The smashed window at Check It. (Photo courtesy of Check It)
A community hub for LGBTQ youth in Anacostia has already reached its fundraising goal to replace a window reportedly smashed by a woman screaming about gay people.
D.C. police are investigating the incident at Check It Enterprises, which occurred shortly after 6 a.m. on Tuesday, as a suspected hate crime with an anti-gay bias, according to the police report.
Check It Enterprises is a community center on Martin Luther King Jr. Ave SE that opened in the summer of 2017, formed by a group that began as a gay street gang and turned into entrepeneurs selling clothes. The center also offers mental health services, food bank partnerships, sexual health education, and other services, and the building rents space to other groups, like the Center for Black Equity, the National Association of Returned Citizens, and Damien Ministries. Check It was the subject of a well-received eponymous documentary in 2016.
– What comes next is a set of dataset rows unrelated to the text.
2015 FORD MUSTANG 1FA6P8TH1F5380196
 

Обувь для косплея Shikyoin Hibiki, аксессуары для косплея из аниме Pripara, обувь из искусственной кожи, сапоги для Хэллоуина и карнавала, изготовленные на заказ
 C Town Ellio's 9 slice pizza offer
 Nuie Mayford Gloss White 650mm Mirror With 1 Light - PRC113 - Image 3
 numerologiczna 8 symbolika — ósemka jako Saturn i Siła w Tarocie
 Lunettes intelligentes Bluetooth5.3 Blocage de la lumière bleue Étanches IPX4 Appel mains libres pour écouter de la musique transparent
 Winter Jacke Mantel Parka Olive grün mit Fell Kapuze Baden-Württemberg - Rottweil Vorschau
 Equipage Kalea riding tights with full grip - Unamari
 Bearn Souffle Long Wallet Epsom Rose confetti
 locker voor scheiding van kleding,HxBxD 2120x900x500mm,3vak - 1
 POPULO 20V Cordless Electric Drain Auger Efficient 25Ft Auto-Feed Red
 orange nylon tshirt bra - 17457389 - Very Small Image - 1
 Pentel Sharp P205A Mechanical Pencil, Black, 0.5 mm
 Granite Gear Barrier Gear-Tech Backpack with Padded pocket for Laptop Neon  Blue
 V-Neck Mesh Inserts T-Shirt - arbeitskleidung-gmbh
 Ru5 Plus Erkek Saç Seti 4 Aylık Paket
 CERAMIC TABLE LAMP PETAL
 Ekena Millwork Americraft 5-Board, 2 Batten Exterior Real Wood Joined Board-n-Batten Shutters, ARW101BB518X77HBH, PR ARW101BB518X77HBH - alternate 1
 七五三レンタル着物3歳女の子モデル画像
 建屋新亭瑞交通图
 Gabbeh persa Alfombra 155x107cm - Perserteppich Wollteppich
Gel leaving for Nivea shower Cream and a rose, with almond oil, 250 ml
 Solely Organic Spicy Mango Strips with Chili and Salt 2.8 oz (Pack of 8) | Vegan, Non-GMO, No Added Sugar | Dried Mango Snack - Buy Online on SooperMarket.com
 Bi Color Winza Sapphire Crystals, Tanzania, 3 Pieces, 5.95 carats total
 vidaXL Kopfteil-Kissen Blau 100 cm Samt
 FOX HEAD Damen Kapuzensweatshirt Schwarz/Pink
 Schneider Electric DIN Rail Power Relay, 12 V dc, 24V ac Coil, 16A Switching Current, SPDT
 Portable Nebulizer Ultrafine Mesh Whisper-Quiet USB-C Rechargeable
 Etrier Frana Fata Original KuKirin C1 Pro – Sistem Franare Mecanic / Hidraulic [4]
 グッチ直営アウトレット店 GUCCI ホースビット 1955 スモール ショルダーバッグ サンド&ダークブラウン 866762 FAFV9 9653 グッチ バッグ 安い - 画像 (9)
Ron Moten, a mentor for Check It and a community activist, says a neighbor heard a woman in front of the building early Tuesday morning screaming about gay people. (The police report does not mention the suspect shouting anti-gay language.) He says she tried to throw a brick through the door, which shattered but did not break, before successfully throwing it through the building’s 8-foot double pane glass window.
“By the time a neighbor came outside, she had already busted the window,” says Moten, who lives nearby. Alerted to the situation, he tried to chase her but she turned a corner, he says.
While Check It has security cameras inside, condensation on the windows obscured their view of the perpetrator. Moten says he’s working on getting the footage from We Act Radio’s security cameras, which are outside. He adds that witnesses indicated that the suspect appeared to be on drugs.
Does the incident have the youths who come to the Check It community center concerned about their safety? No more than usual, says Moten. “They’re always concerned about their safety.”
“The sad thing about this is that it is becoming regular in our community,” says Moten, listing a window busted at a nearby carry-out about three weeks ago and the burglary at We Act Radio last summer as some examples.
“The community has been very supportive, but you always worry about stuff like this. It’s almost the initiation price you pay to do business,” says Moten. “You can’t call the insurance company because your deductible is higher than the amount to fix it.”
That’s why Moten launched a GoFundMe page to finance replacing the windows, which has already surpassed its $2,500 goal by hundreds of dollars. The surplus will go toward programming.
He says that the successful fundraiser “means that good will always conquer evil. Don’t let the bad things stop you from doing good.”